On the unit circle, traveling a distance $2\pi$ brings you back to your starting point, so you can show that if $\sin \theta = y$, then $\sin (\theta + 2n\pi) = y$ for any integer $n$. You can then show by means of congruent triangles (reflected across the $x$-axis) that $\sin(-x) = -\sin x$ for any real number $x$.

So without loss of generality, in evaluating $\sin(a - b)$ we can assume that $-\pi < a - b \le \pi$. We can easily solve the cases $a - b = 0$ and $a - b = \pi$. Moreover, whenever $-\pi < a - b < 0$, we can use the fact that $\sin(a - b) = -\sin(b - a)$, so really we only need to find the formula for $\sin(a - b)$ in the case where $0 < a - b < \pi$.

Let $O$ be the center of the circle, let $A$ be the point you reach after traveling the distance $a$ counterclockwise on the circle, and let $B$ be the point reached after traveling distance $b$. Then $\triangle AOB$ is a triangle whose angle at $O$ is $a - b$. We now apply the following transformation to the $x$ and $y$ coordinates of $A$ and $B$:

\begin{eqnarray} x \rightarrow x \cos b + y \sin b, \\ y \rightarrow y \cos b - x \sin b. \end{eqnarray}

Let $A'$ and $B'$ be the points whose coordinates are produced by applying this transformation to the coordinates of $A$ and $B$, respectively. Since the coordinates of $B$ are $(\cos b, \sin b)$, we can show that the coordinates of $B'$ are $(1, 0)$. We can use the Pythagorean formula on pairs of coordinates to prove that the distance from $O = (0,0)$ to $A'$ is $1$, and that the distance from $A'$ to $B'$ equals the distance from $A$ to $B$, and now we know that the triangles $\triangle AOB$ and $\triangle A'OB'$ are congruent. Therefore the angle at $O$ in $\triangle A'OB'$ has measure $a - b$. Meanwhile, we can find that the $y$-coordinate of $A'$ is $\sin a \cos b - \cos a \sin b$. It just remains to show that $\triangle AOB$ and $\triangle A'OB'$ have the same orientation (so that $A'$ is above the $x$-axis), which you can do by applying a formula on the coordinates of the vertices of a triangle that gives the triangle's orientation (that is, the outcome is multiplied by $-1$ if you reflect the triangle), or by other knowledge of isometries.
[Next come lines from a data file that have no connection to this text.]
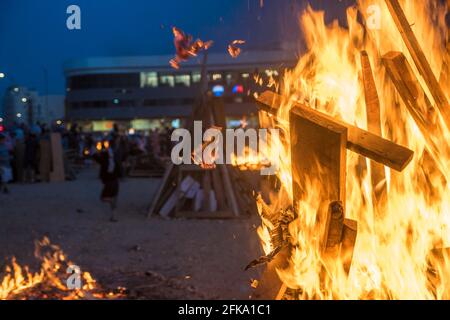 Un fuoco brucia durante la festa ebraica di Lag Ba'Omer, che si svolge ogni 18 del mese ebraico Iyar. È consuetudine durante questa vacanza fare incendi. Quest'anno, a causa del pericolo di incendio, tutti gli incendi sono stati concentrati in pochi siti, da cui il gran numero di piri. Foto Stock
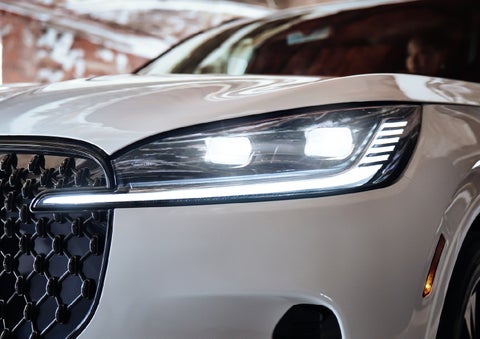 A close-up of a headlamp on the 2027 Lincoln Aviator® SUV is shown. | Stivers Lincoln in Waukee IA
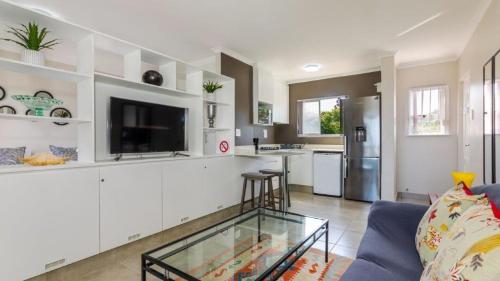 a living room with a blue couch and a kitchen at Bay Lodge 29 in Ballito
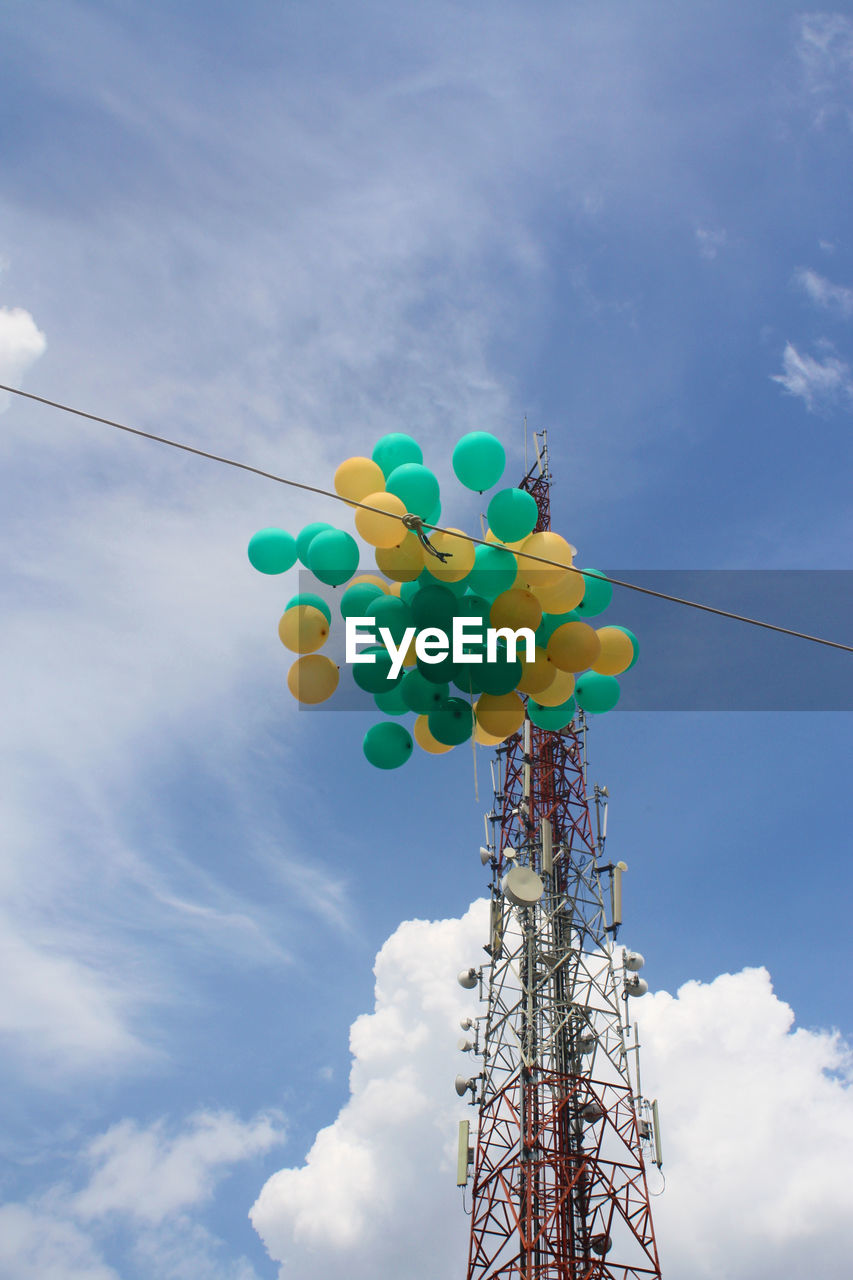 LOW ANGLE VIEW OF MULTI COLORED BALLOONS AGAINST BLUE SKY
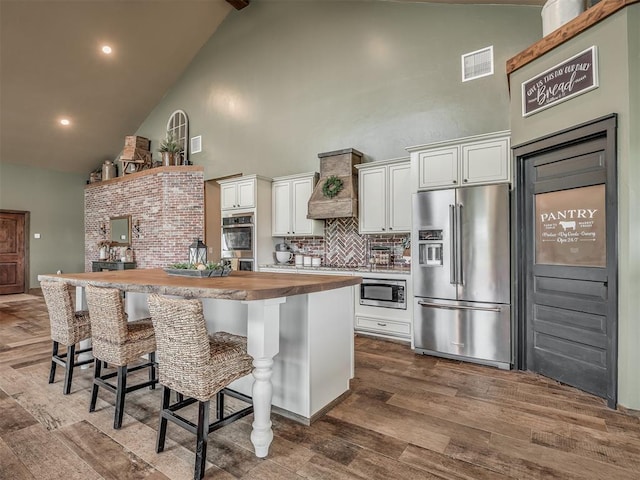 4920 W Forrest Hills Rd, Guthrie, OK 73044 - kitchen featuring stainless steel appliances, butcher block countertops, high vaulted ceiling, a kitchen island, and backsplash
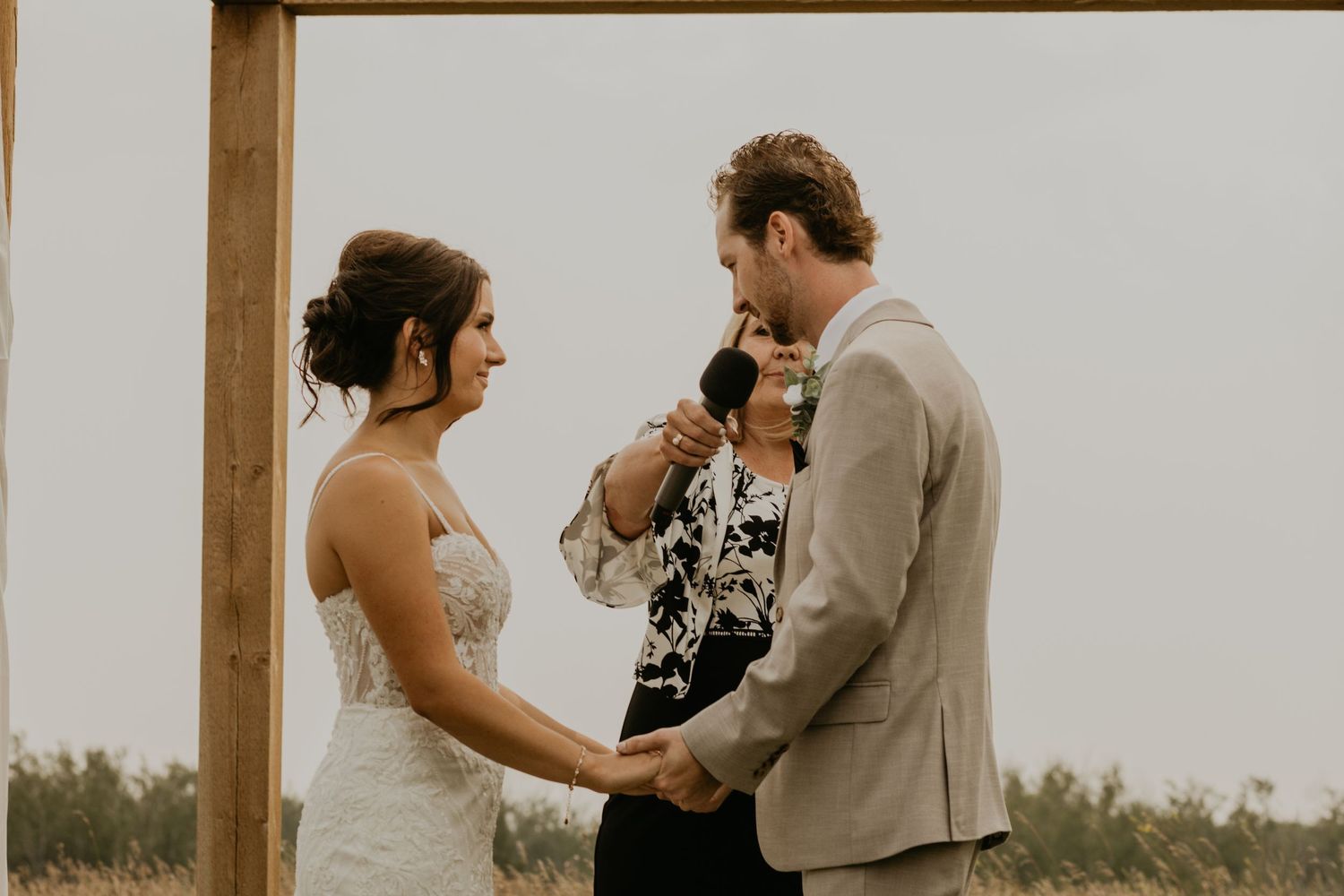 Intimate outdoor wedding ceremony with couple exchanging vows.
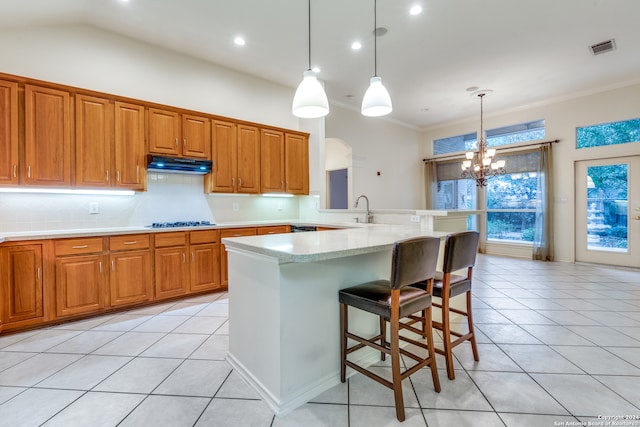 kitchen featuring hanging light fixtures, an inviting chandelier, a kitchen bar, light tile patterned floors, and ornamental molding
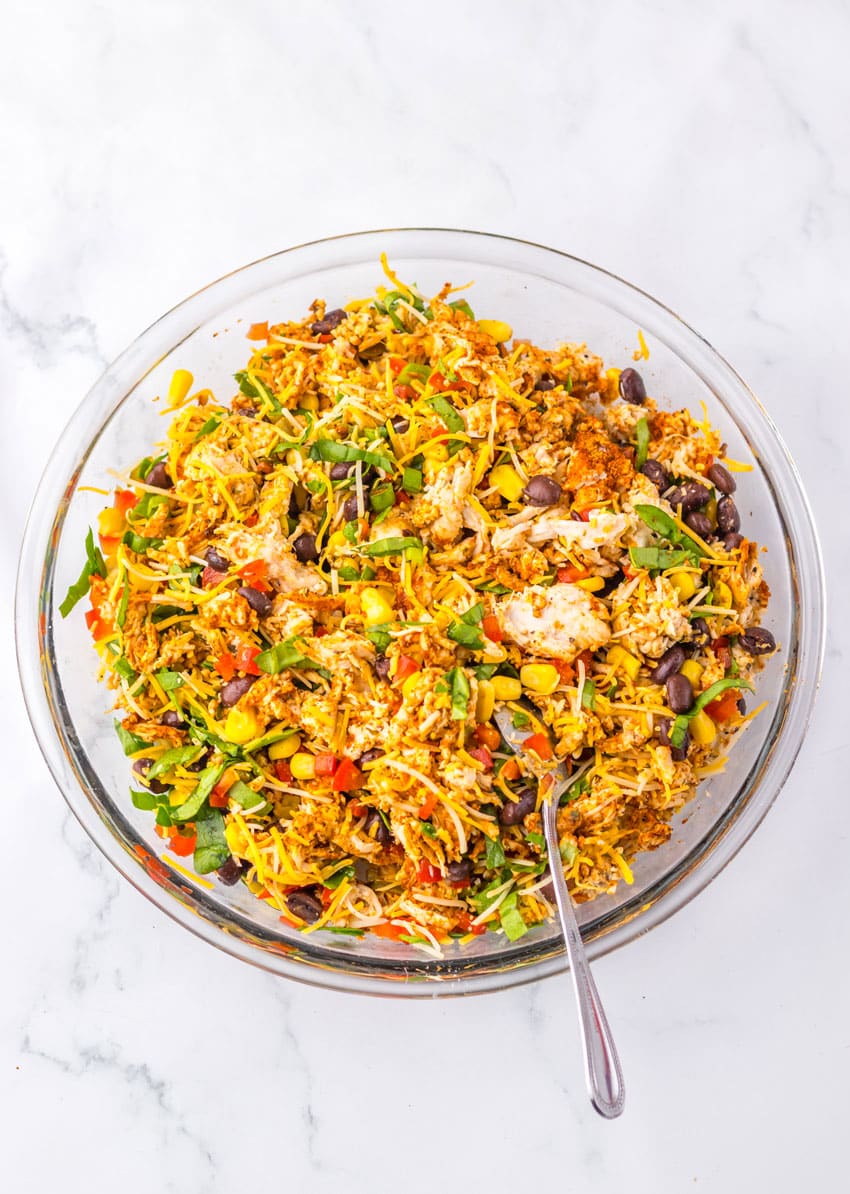 southwestern egg roll filling in a glass mixing bowl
Once we know this, we have shown that

\begin{equation} \sin(a - b) = \sin a \cos b - \cos a \sin b. \end{equation}

A similar procedure works for the cosine difference formula, though in this case we don't have to show that $A'$ is above the axis:

\begin{equation} \cos(a - b) = \cos a \cos b - \sin a \sin b. \end{equation}

For $\sin(a + b)$ and $\cos(a + b)$, just substitute $-b$ for $b$ in the formulas already known.